◆ **Input**:
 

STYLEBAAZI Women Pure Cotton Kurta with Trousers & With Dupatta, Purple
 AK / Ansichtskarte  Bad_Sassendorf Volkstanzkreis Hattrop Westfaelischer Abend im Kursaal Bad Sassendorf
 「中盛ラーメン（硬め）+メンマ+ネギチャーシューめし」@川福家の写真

--

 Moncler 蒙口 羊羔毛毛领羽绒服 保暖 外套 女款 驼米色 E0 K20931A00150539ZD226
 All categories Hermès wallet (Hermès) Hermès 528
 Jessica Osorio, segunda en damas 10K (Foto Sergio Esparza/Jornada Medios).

...

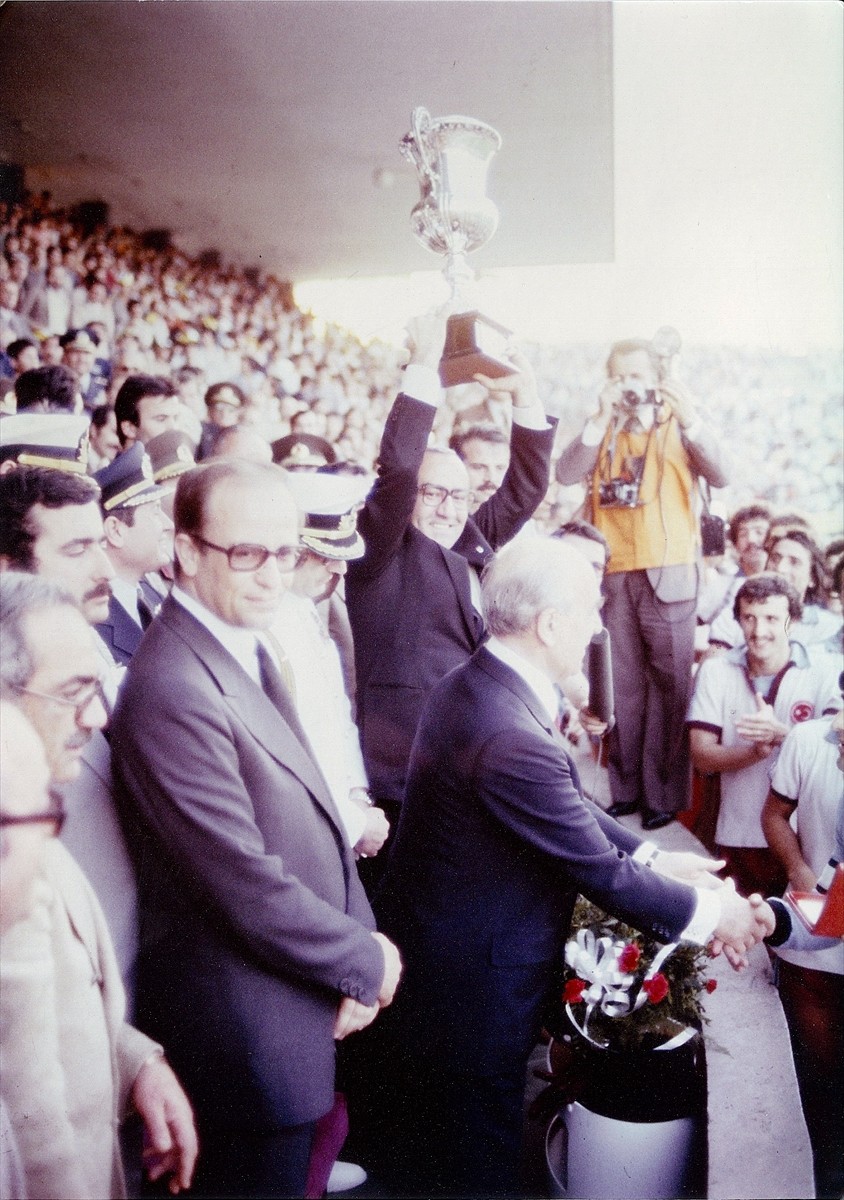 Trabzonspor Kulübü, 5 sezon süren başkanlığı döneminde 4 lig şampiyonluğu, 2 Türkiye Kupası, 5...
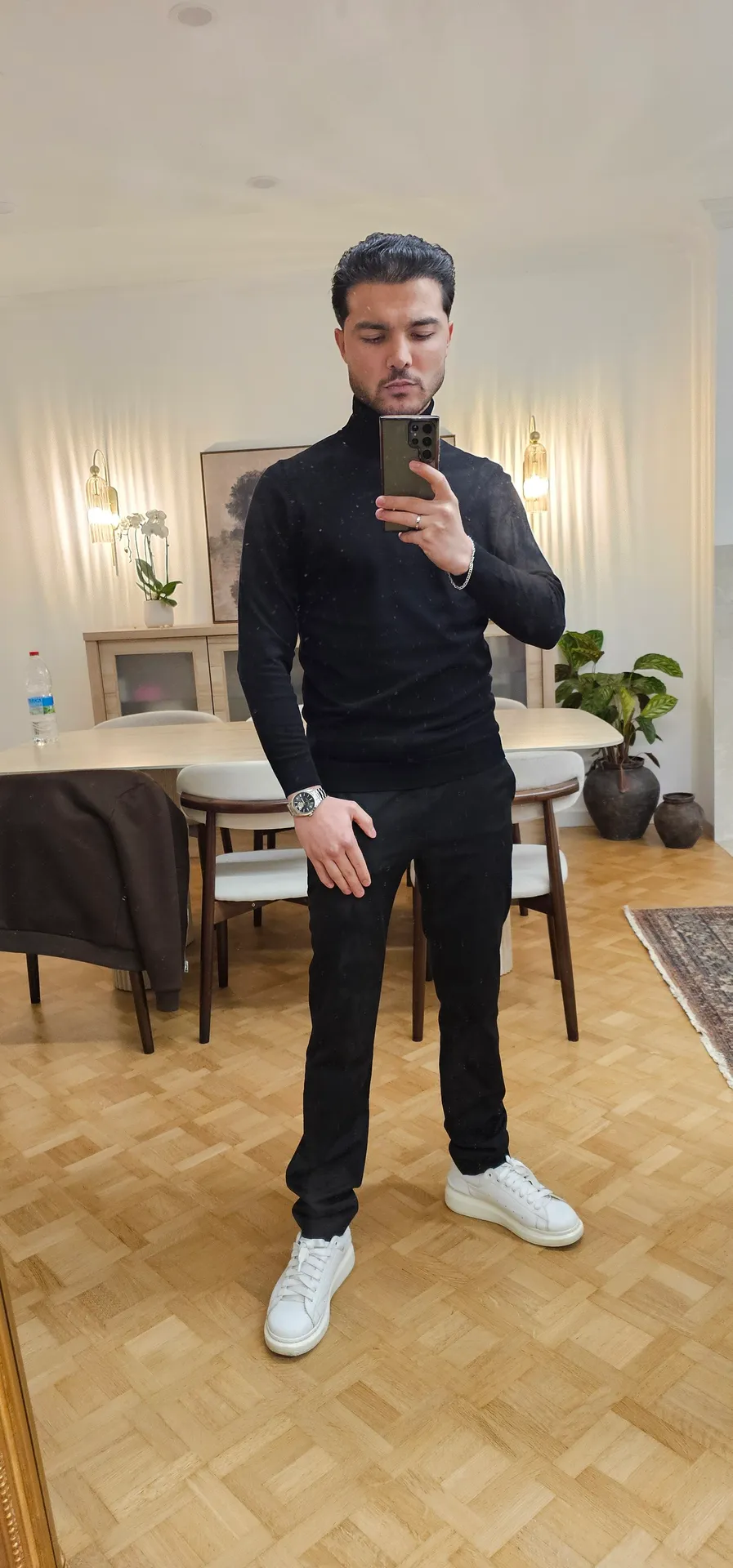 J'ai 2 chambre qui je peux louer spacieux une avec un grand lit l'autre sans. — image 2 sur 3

◆ **Exercise description**:
Of the lines above, output exactly those from the line bearing "All categories Hermès" through the line bearing "Jessica Osorio, segunda", inclusive.

◆ **Solution for this exercise**:
 All categories Hermès wallet (Hermès) Hermès 528
 Jessica Osorio, segunda en damas 10K (Foto Sergio Esparza/Jornada Medios).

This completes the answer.